## Source material:
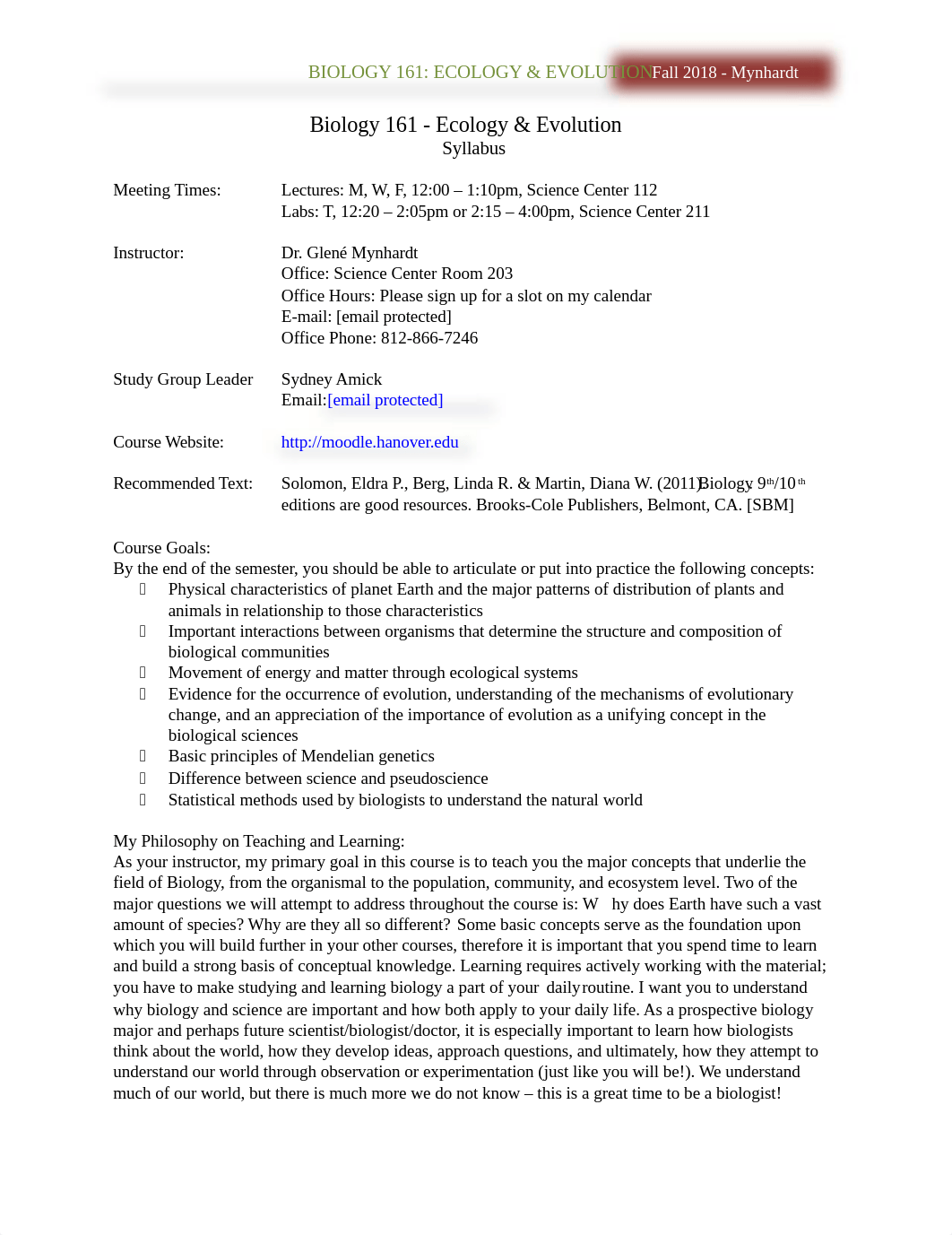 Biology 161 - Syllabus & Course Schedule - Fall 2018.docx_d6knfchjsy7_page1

---

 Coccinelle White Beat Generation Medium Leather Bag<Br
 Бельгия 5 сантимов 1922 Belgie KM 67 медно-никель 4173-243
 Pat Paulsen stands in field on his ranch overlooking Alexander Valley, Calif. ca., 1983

## About this task:
Take the lines above from the one containing "Бельгия 5 сантимов" down to the one containing "Pat Paulsen stands", and transcribe them exactly, both ends included.

## Answer for this exercise:
 Бельгия 5 сантимов 1922 Belgie KM 67 медно-никель 4173-243
 Pat Paulsen stands in field on his ranch overlooking Alexander Valley, Calif. ca., 1983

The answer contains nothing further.